The state has been hit by back-to-back-to-back-to-back historic flooding. Tyler Jankoski of the NBC affiliate in Vermont pointed out that in 130 years of record-keeping at St. Johnsbury in Vermont’s Northeast Kingdom, Tuesday was the wettest ever, and by a staggering margin: 8 inches of rain compared to a previous record of 4.99 inches! The fourth-highest rainfall occurred two weeks earlier.
Why is this happening? Climate change makes the atmosphere hold more moisture is the root cause, but Vermont’s hilly geography channels the water into relatively few places, and its infrastructure is old, compounding damage. AP has the story.
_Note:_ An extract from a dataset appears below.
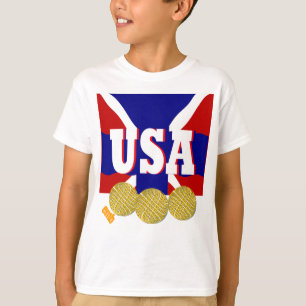 T-shirt Cadeau de KidsT-chemise de médaille d'or de 2012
Another issue about this storm is that it was a thunderstorm that developed under an upper level low pressure system that was stalled over the area. When it started raining, things didn’t move quickly. CoCoRaHS data showed a lot of rain over St Johnsbury, but very little nearby. From news coverage, Lyndonville got clobbered too, it’s about 10 miles north, but CoCoRaHS data doesn’t show much exciting.
This should show the rain around St Johnsbury for the 24 hour period.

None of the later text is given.